The Weston City Commission Monday night rejected a state plan to build a park-and-ride meant to improve mass transit service from southwest Broward County to Miami, amid mounting public disapproval of the project.

The unanimous vote against the project rescinds the commission’s previous support of the proposal for the $11.4 million park-and-ride lot off Interstate 75 near Weston’s entrance. Members of the commission cited in their decision residents’ concerns that the project is unnecessary and could increase crime in surrounding areas.

“If this community is not ready for a park-and-ride, let a future commission decide about the park-and-ride,” Mayor Daniel Stermer said. “We listened to the community.”

The Florida Department of Transportation planned the project. Amie Goddeau, a project manager with FDOT who discussed the park-and-ride at Monday’s meeting, said the department will reconsider its plans.

The 170 space park-and-ride at the city’s I-75 interchange on Royal Palm Boulevard would feature express bus service to the Intermodal Center next to Miami International Airport where commuters would be able to connect to destinations using other forms of mass transit. Buses would take advantage of new express lanes on I-75, and there would also be a space at the park-and-ride for people to carpool. 

The project has been part of FDOT’s plan to improve mass transit service between southwest Broward and the airport. The state is planning another park-and-ride lot along I-75 at Pines Boulevard.

FDOT and proponents of the Weston project said it would reduce congestion and lessen the use of cars. It would be especially beneficial for residents who rely on mass transit to travel to Miami.

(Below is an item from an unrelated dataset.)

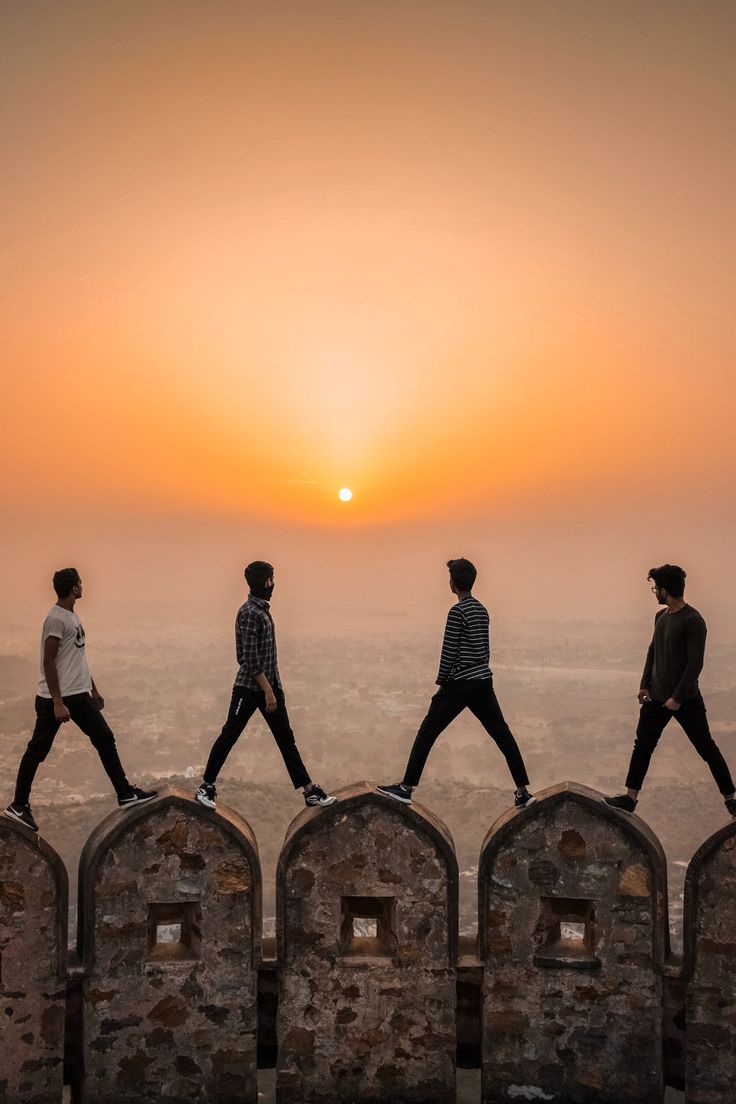 friendship love dp for whatsapp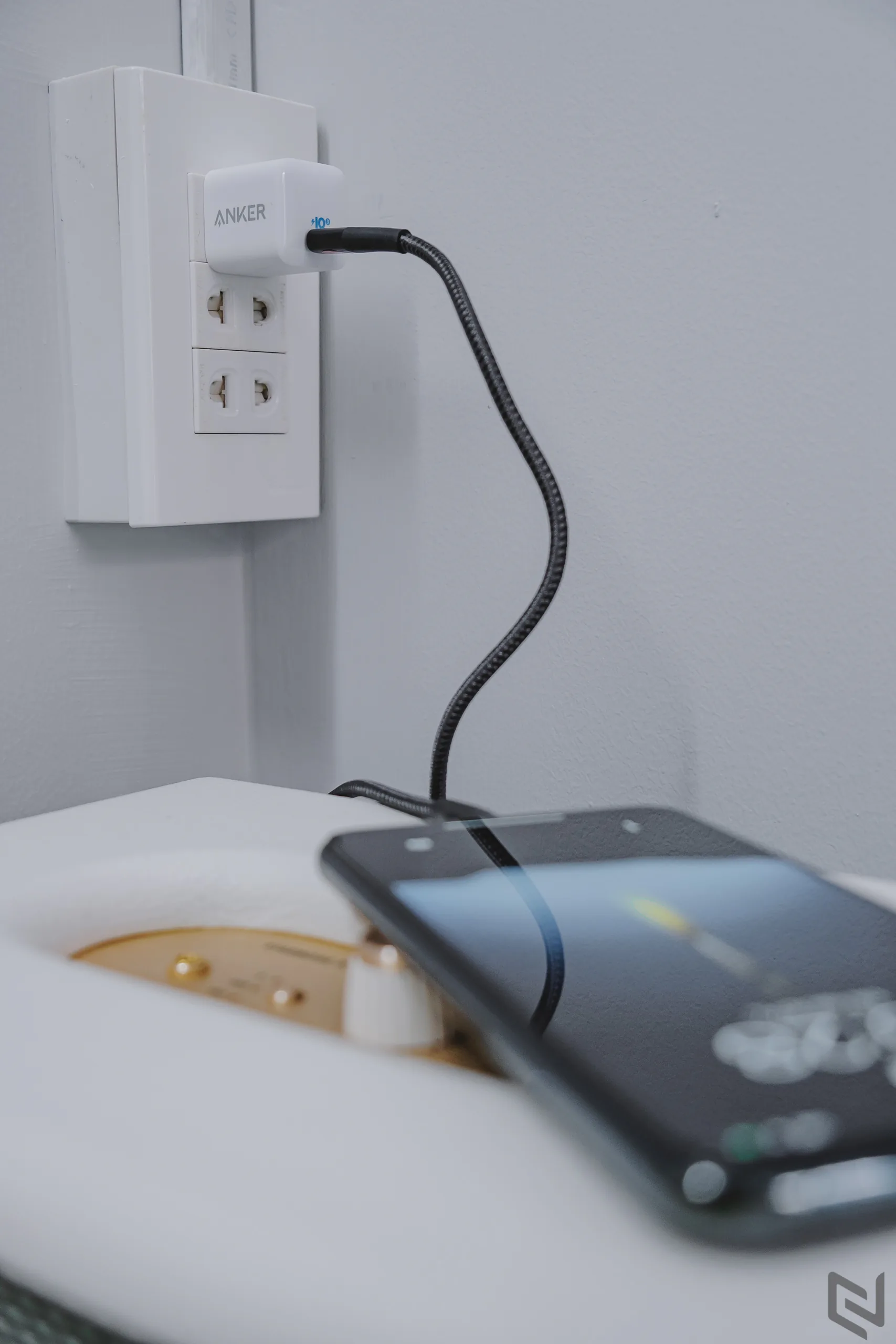 Trên tay cốc sạc siêu nhỏ gọn Anker PowerPort III Nano 18W và cáp PowerLine+ II USB-C to Lightning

“There are 15,000 residents in the city of Weston who are between the ages 20 and 40 who are your major workers and your major commuters, and they need these transportation choices,” Goddeau said.

The project initially appeared to be on track after the city commission previously passed a resolution  supporting the project. But as residents learned more about the park-and-ride, they voiced fears that it would worsen traffic congestion and bring crime to the area as out-of-town commuters riding the I-75 express buses stop at the park-and-ride.

During the public comment period at Monday’s meeting, opponents also noted that, according to FDOT, Weston residents make up just two percent of Broward inhabitants who use mass transit for their commutes to work. They added that the park-and-ride would disrupt the "hometown feeling" of the city.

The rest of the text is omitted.